*Exercise aim:* In the records below, reproduce exactly the lines from the one containing "Givenchy L' Intemporel" through the one containing "Armarium Femme, Tops, Noir, Taille: 36", both included, and omit the pictures.

*Available data:*
━━━━━━━━━━━━━━━━

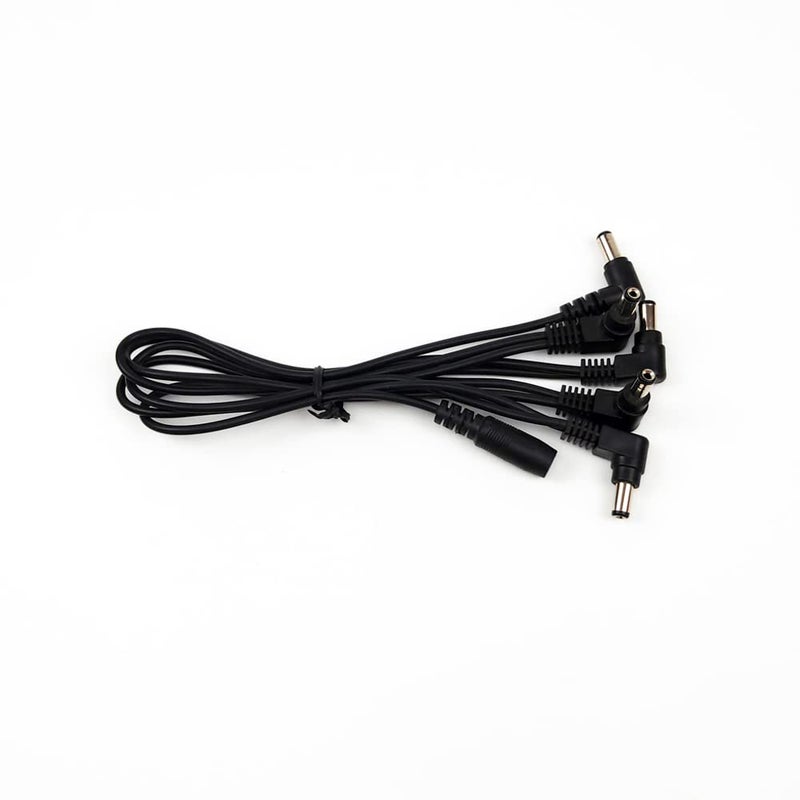 Godtone 9V DC 1 to 5Way Daisy Chain Power Supply Splitter Guitar Effect Pedal Adapter, Black - Image 5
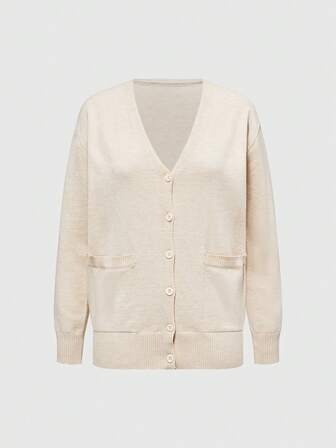 J-Fashion Lässige Strickjacke für Damen, Pink, College-/Harajuku-Stil, Frühling/Herbst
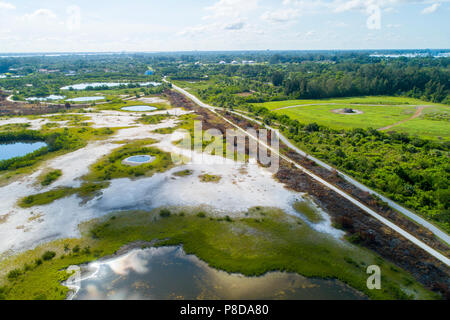 Robinson Préserver Bradenton, une mosaïque de 487 hectares de vasières, marais à mangroves, plages et tour d'observation ainsi que de nombreux sentiers de randonnée pédestre et de vélo Banque D'Images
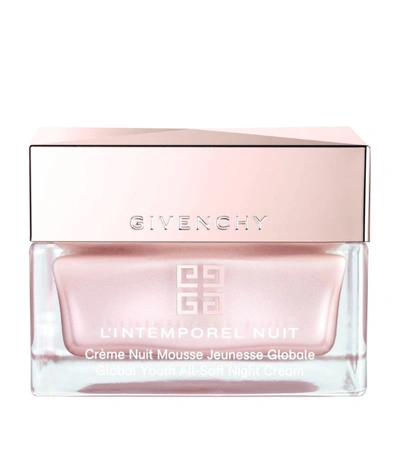 Givenchy L' Intemporel Global Youth All-soft Night Cream (50ml) In White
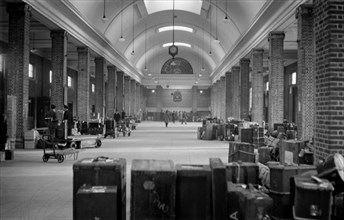 The interior of the Baggage Hall at Tilbury Passenger Landing Stage, Essex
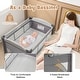 preview thumbnail 15 of 19, 5-in-1 Portable Baby Playard with Cradle and Storage Basket - 43.5"L x 31"Wx 31"H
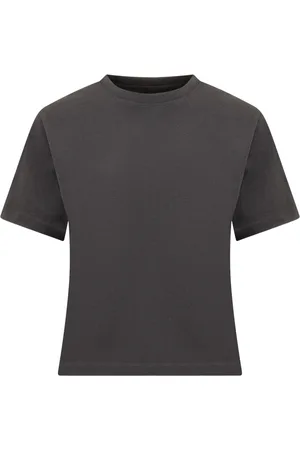 Armarium Femme, Tops, Noir, Taille: 36 FR T-shirt Slim Fit Col Rond avec Logo Label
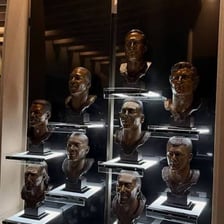 Statues displayed in a hall of fame
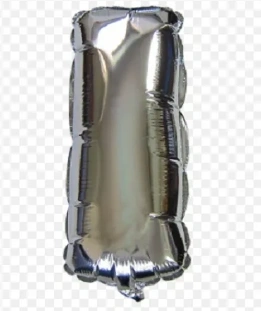 ALPHABET LETTER BALLOONS SILVER 14-INCH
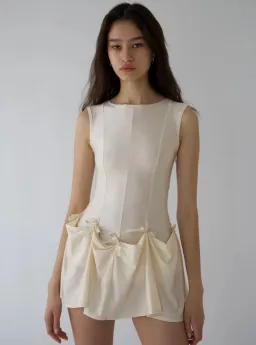 BUCI NY Heiress Dress In Cream Size 6 for rent on The Volte - image 3
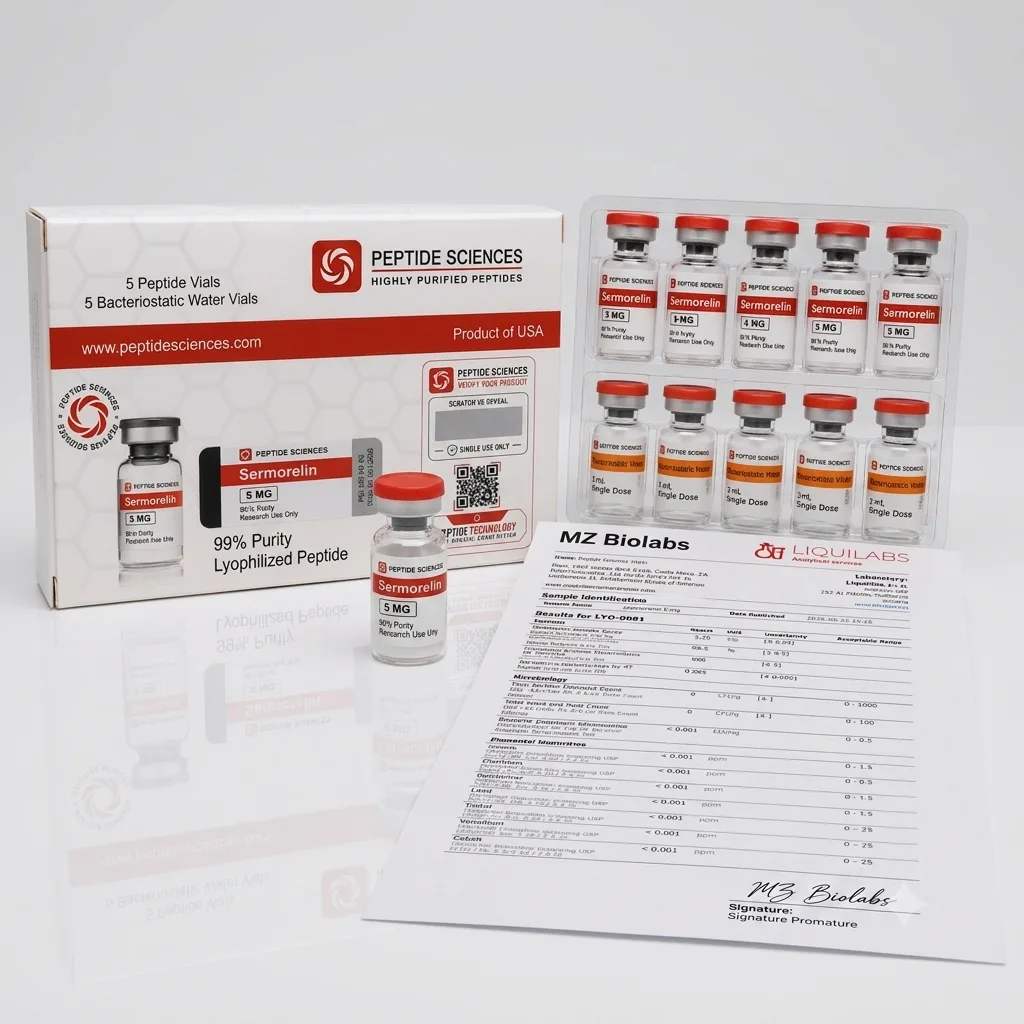 Peptid Sciences Sermorelin 5mg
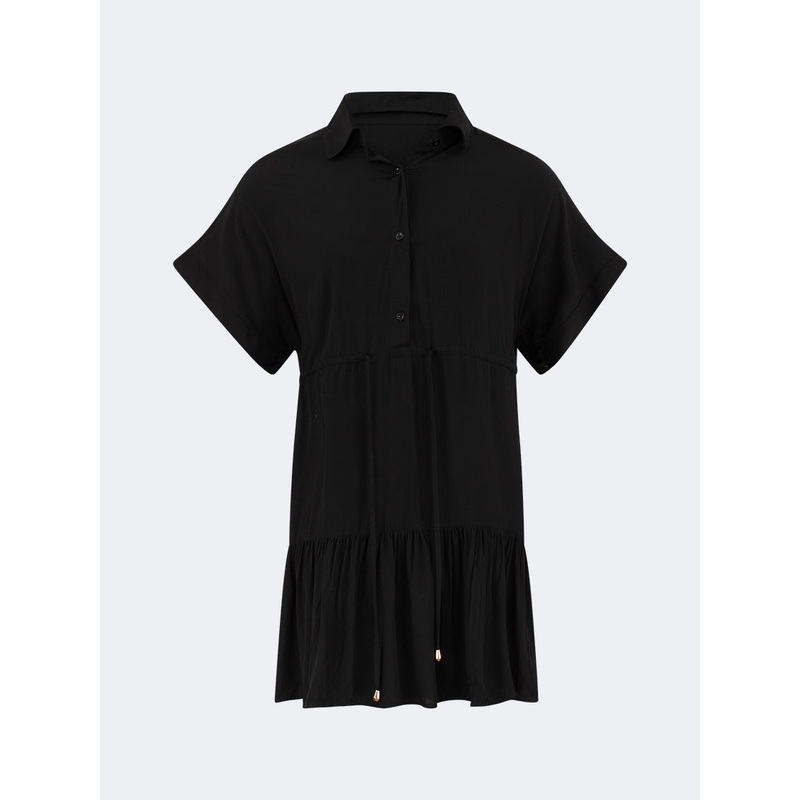 Top Ten Chic Women Beach  Linen Dress Black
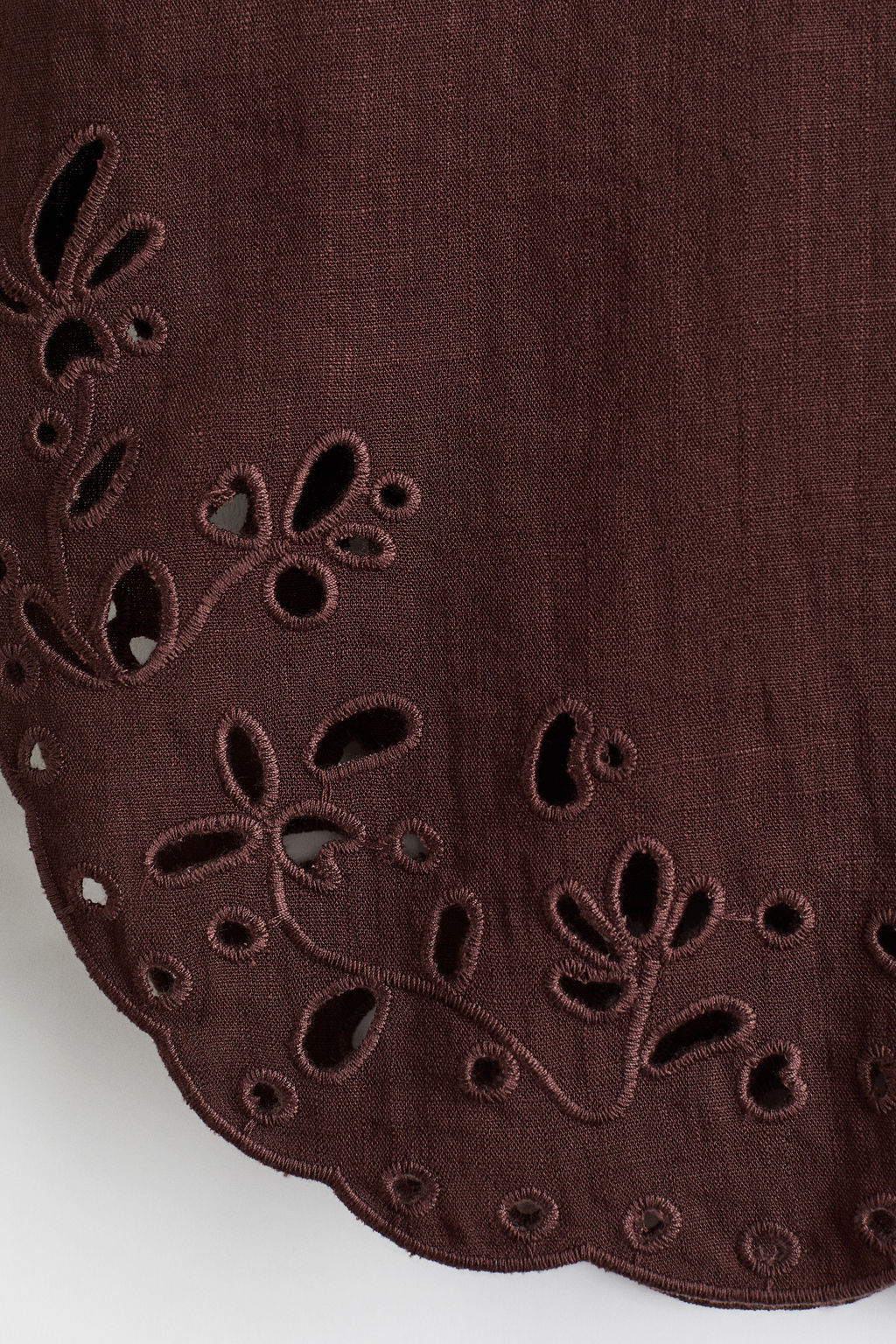 Camisa playera con bordado ingl?s - H&m фото 4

━━━━━━━━━━━━━━━━

*Expected answer:*
 Givenchy L' Intemporel Global Youth All-soft Night Cream (50ml) In White
 The interior of the Baggage Hall at Tilbury Passenger Landing Stage, Essex
 preview thumbnail 15 of 19, 5-in-1 Portable Baby Playard with Cradle and Storage Basket - 43.5"L x 31"Wx 31"H
 Armarium Femme, Tops, Noir, Taille: 36 FR T-shirt Slim Fit Col Rond avec Logo Label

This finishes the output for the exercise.